Parties perdantes, M. [B] et Mme [Y] sont condamnés in solidum à verser au Fonds commun de titrisation [E], ayant pour société de gestion la société IQ EQ Management, représentée par son recouvreur la SAS MCS ET ASSOCIES, venant aux droits de la SA Société Générale, la somme de 2.500 euros sur le fondement de l’article 700 du code de procédure civile pour les procédures de première instance et d’appel ainsi qu’aux dépens de première instance et d’appel.

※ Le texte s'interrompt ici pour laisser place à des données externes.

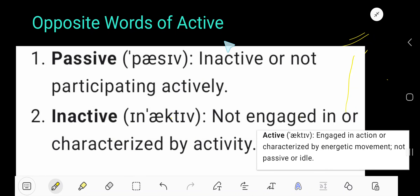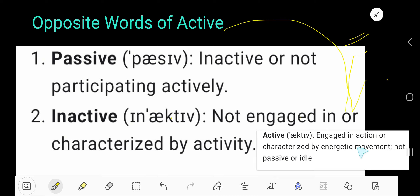The opposite words of active are passive and inactive. The meaning of active is engaged in action, or characterized by energetic movement — not passive or idle. That is the antonym of active.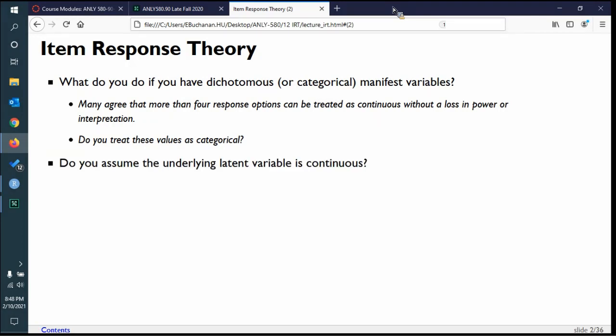We can treat variables as categorical or continuous, but in this case let's go categorical. We do still have to assume that the underlying latent variable is continuous. We haven't covered anything where the latent variable is yes or no like in logistic regression. In all our cases we're measuring some underlying continuous trait or ability, whether it's represented categorically or continuously.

En outre, Mme [Y] est déboutée de sa demande au titre de l’article 700 du code de procédure civile.
PAR CES MOTIFS
La cour, statuant par arrêt rendu par défaut, par mise à disposition au greffe,
Infirme le jugement entrepris en toutes ses dispositions ;
Statuant à nouveau :
Rejette les fins de non recevoir soulevées par Mme [Y] tirées de l’absence de qualité à agir du Fonds commun de titrisation [E], de l’inopposabilité de la cession de créance intervenue entre la Société Générale et le Fonds commun de titrisation [E], de l’absence de notification à son égard du mandat spécial aux fins de recouvrement de la créance confié à la société MCS ET ASSOCIES,
Déboute Mme [G] [Y] de ses demandes visant à voir déclarer son engagement de caution inexistant ou nul,
Condamne solidairement M. [S] [B] et Mme [G] [Y] à payer au Fonds commun de titrisation [E], ayant pour société de gestion la société IQ EQ Management, représentée par son recouvreur la SAS MCS ET ASSOCIES, venant aux droits de la SA Société Générale, la somme de 16.594,97 euros avec intérêts au taux légal à compter du 26 avril 2023 pour Mme [G] [Y] et à compter du 13 novembre 2023 pour M. [S] [B] ;
Déboute les parties de toutes demandes plus amples ou contraires ;
Déboute Mme [G] [Y] de sa demande de délais de paiement et de ses demandes subséquentes ;
Condamne in solidum M. [S] [B] et Mme [G] [Y] à payer au Fonds commun de titrisation [E], ayant pour société de gestion la société IQ EQ Management, représentée par son recouvreur la SAS MCS ET ASSOCIES, venant aux droits de la SA Société Générale, la somme de 2.500 euros sur le fondement de l’article 700 du code de procédure civile ;
Condamne in solidum M. [S] [B] et Mme [G] [Y] aux dépens de première instance et d’appel.